+++ INPUT FOR THIS TASK +++

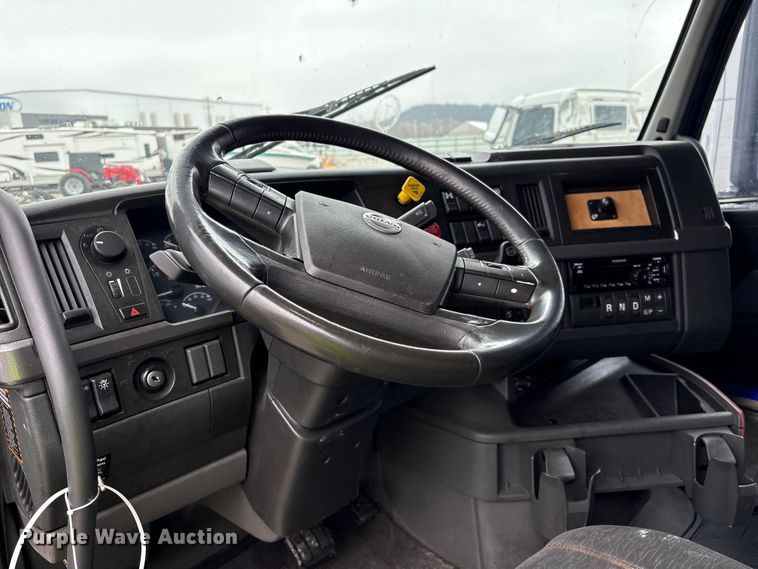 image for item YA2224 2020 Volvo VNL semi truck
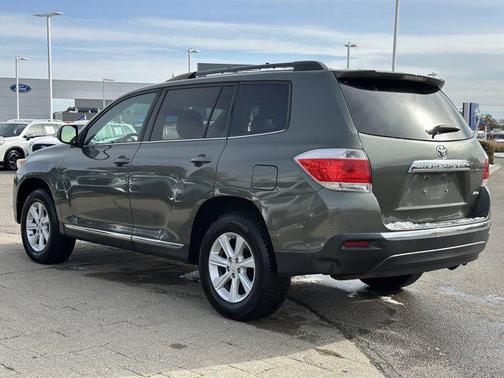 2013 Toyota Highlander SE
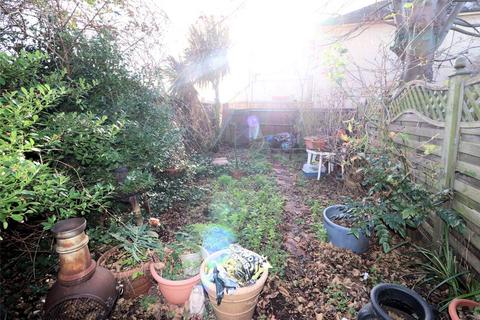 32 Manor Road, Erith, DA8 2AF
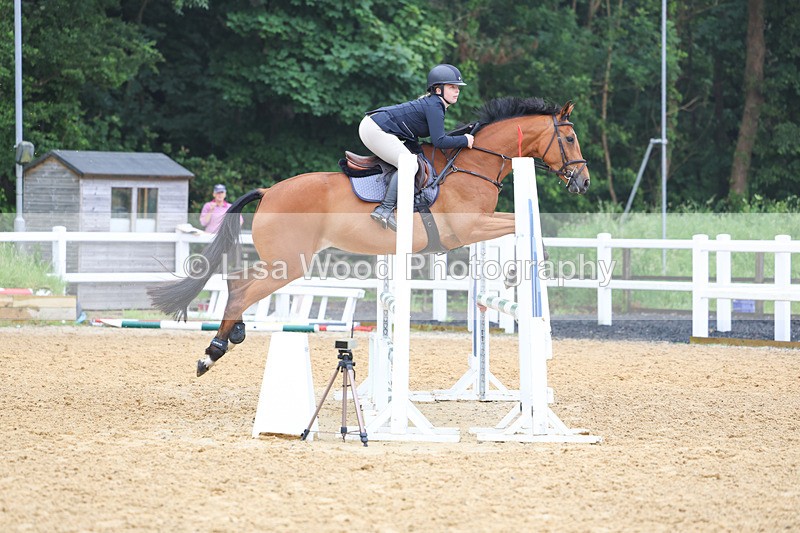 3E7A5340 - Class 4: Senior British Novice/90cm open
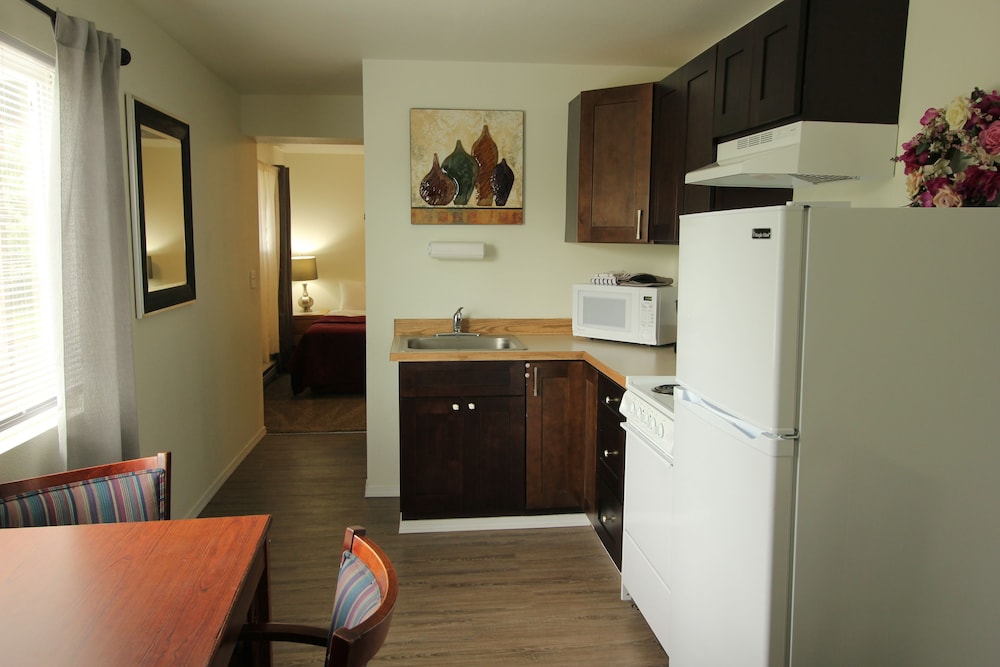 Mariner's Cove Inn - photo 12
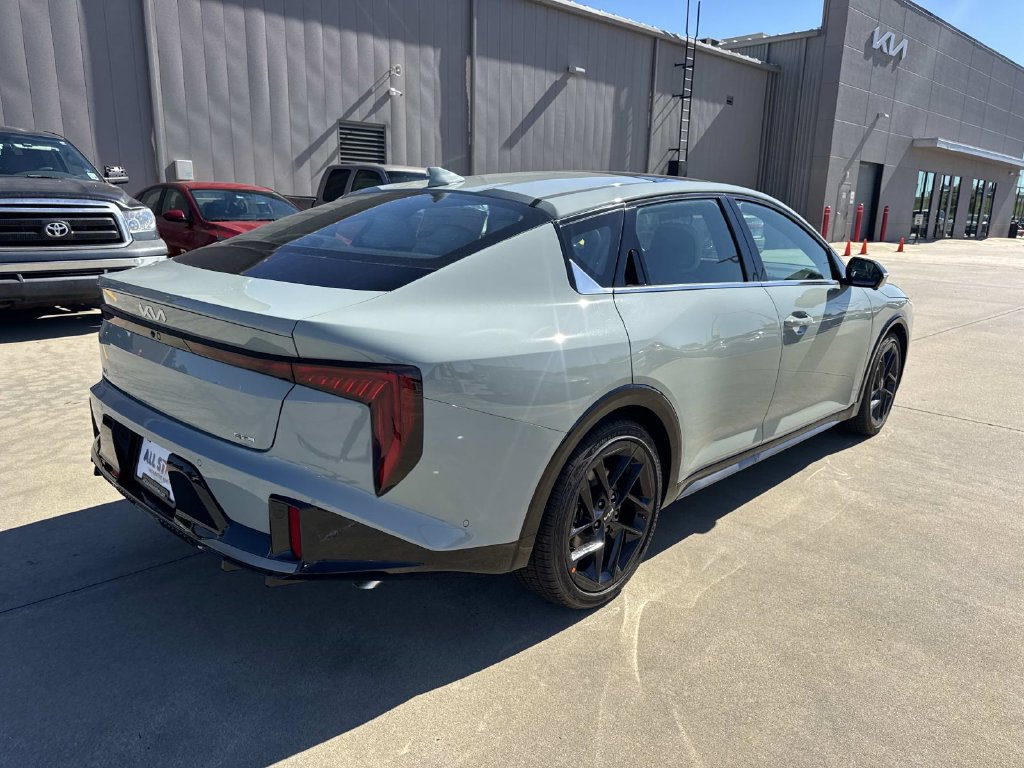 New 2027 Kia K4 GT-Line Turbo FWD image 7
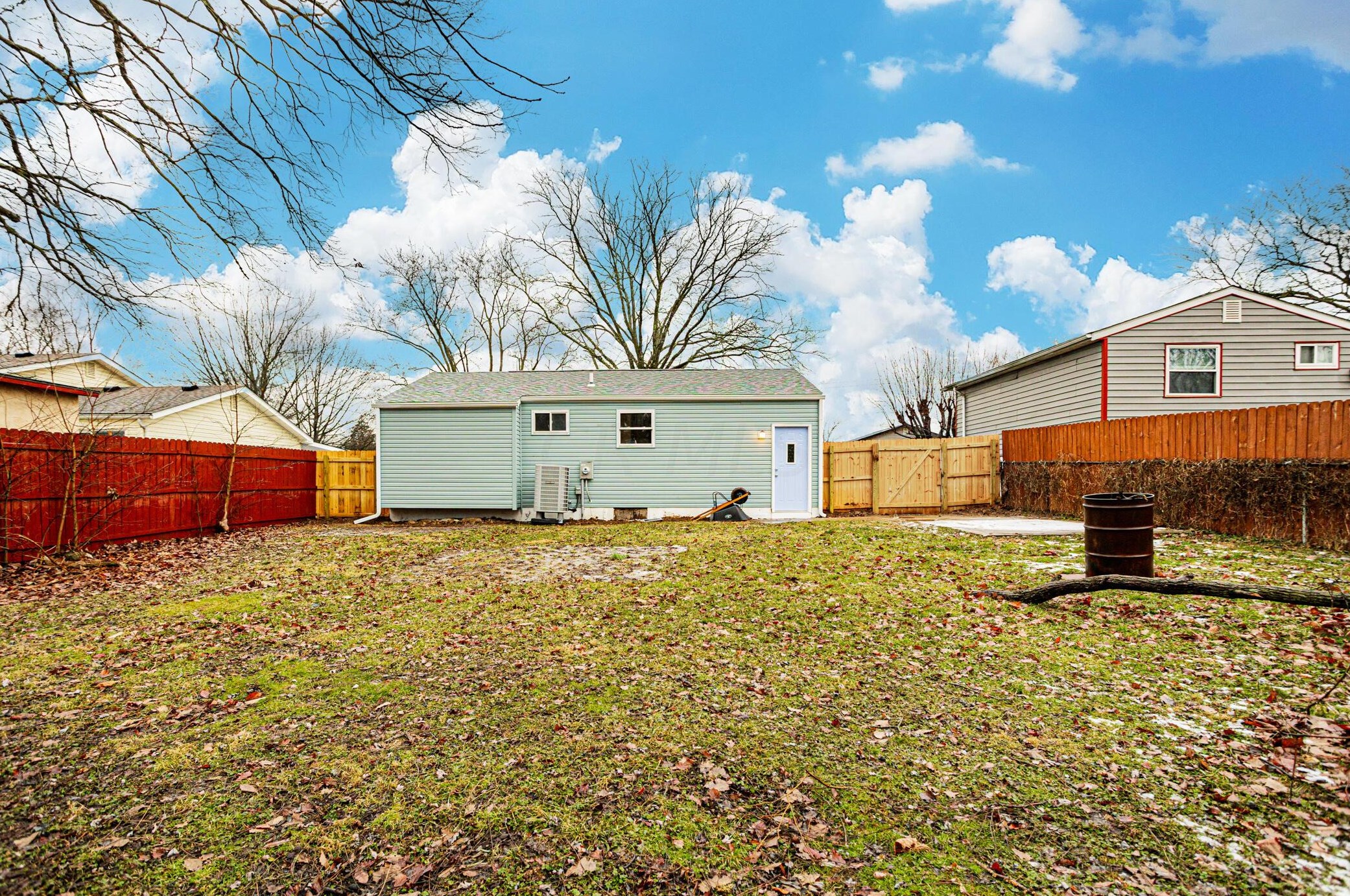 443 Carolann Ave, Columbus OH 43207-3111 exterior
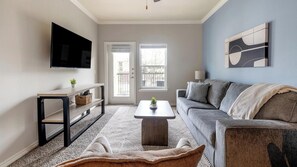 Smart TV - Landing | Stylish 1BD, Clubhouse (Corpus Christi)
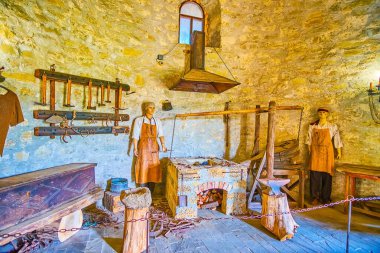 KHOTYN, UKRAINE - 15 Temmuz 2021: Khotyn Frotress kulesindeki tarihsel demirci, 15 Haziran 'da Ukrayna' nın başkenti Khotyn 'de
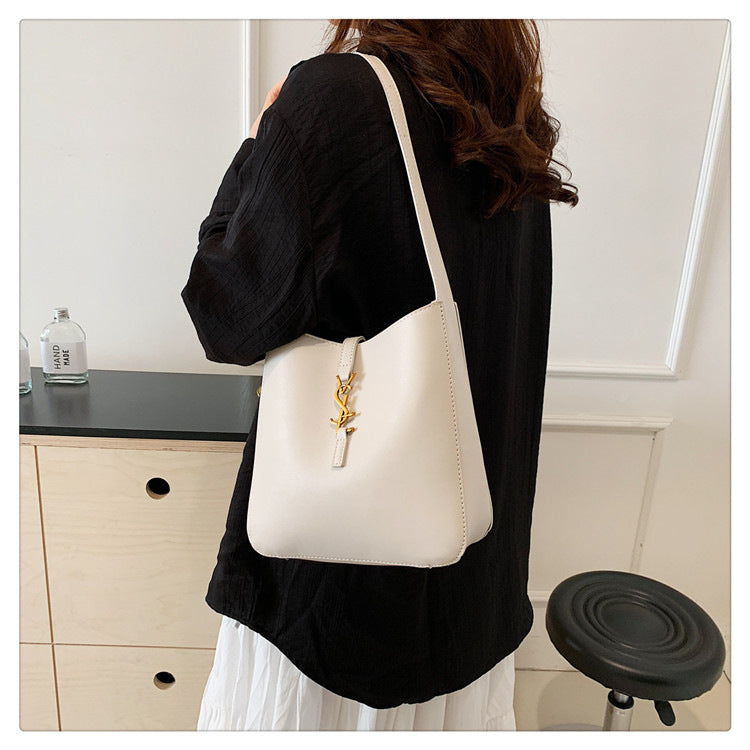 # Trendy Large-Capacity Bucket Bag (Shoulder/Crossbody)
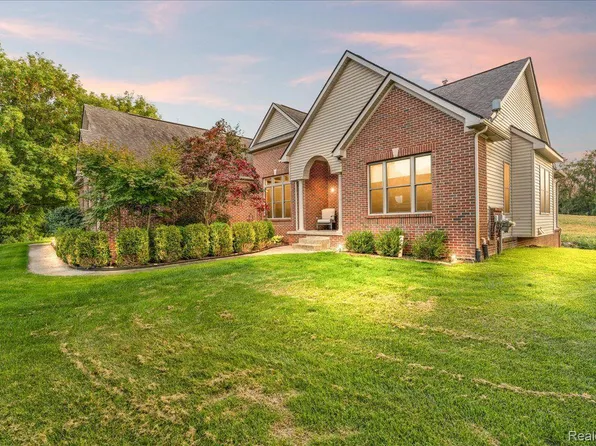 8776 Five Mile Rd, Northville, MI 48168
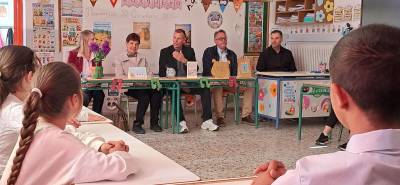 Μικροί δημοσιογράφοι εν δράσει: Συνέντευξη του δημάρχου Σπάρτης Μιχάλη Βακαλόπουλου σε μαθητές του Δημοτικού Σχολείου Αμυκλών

+++

> **TASK INSTRUCTIONS**
Reproduce the data verbatim. Do not carry any picture into the copy.

> **SOLVED PROBLEM**
 image for item YA2224 2020 Volvo VNL semi truck
 2013 Toyota Highlander SE
 32 Manor Road, Erith, DA8 2AF
 3E7A5340 - Class 4: Senior British Novice/90cm open
 Mariner's Cove Inn - photo 12
 New 2027 Kia K4 GT-Line Turbo FWD image 7
 443 Carolann Ave, Columbus OH 43207-3111 exterior
 Smart TV - Landing | Stylish 1BD, Clubhouse (Corpus Christi)
 KHOTYN, UKRAINE - 15 Temmuz 2021: Khotyn Frotress kulesindeki tarihsel demirci, 15 Haziran 'da Ukrayna' nın başkenti Khotyn 'de
 # Trendy Large-Capacity Bucket Bag (Shoulder/Crossbody)
 8776 Five Mile Rd, Northville, MI 48168
 Μικροί δημοσιογράφοι εν δράσει: Συνέντευξη του δημάρχου Σπάρτης Μιχάλη Βακαλόπουλου σε μαθητές του Δημοτικού Σχολείου Αμυκλών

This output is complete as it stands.